The area comprising the Metro Vancouver region is expected to grow in population in the years to come. With an increase in population comes the spatial expansion of urbanism, paved roads and related infrastructure, often at the expense of prime agricultural land. A pro-development perception sees agricultural land as a potential new home for industrial use or new subdivisions. Unfortunately this very perception is instrumental in causing environmental fragmentation, urban sprawl, and unliveable cities across North America.

The Agricultural Land Reserve in BC serves to protect farmland at the urban boundary, however many area are at risk of being removed from this land use zone.

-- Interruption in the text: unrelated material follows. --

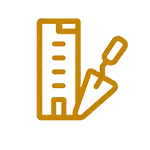 Website Kontraktor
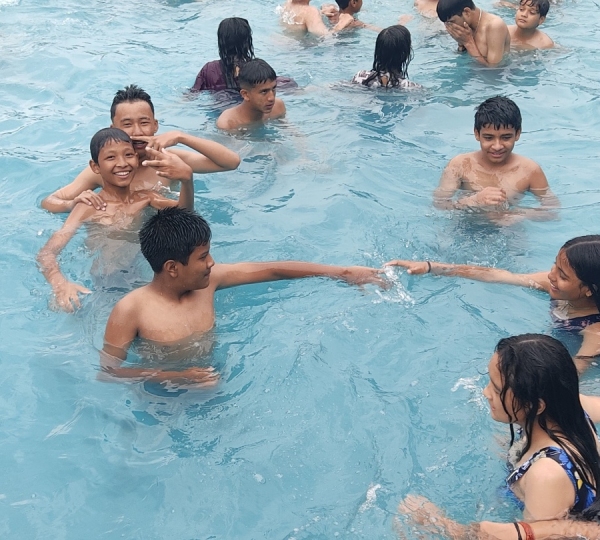 506960477_1380210573899187_7662592659384145784_n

This project used a non-Boolean, "fuzzy" multi-criteria analysis to examine the spatial relationship between the areas comprising the Provincial Agricultural Land Reserve (ALR) and the impacts of urban land use. Specifically, this project addresses the question of how much pressure urban land use is exerting on the Agricultural Land Reserve.

The analysis involved the measurement and weighting of three factors: ALR parcel size, distance from areas of high population density, and distance from road networks. This data was used to construct a model that classifies the ALR into ranked areas (1 to 4) that, based on the analysis, have a higher risk of exclusion from the ALR and face a greater chance of undergoing a change to urban, commercial, or industrial land use.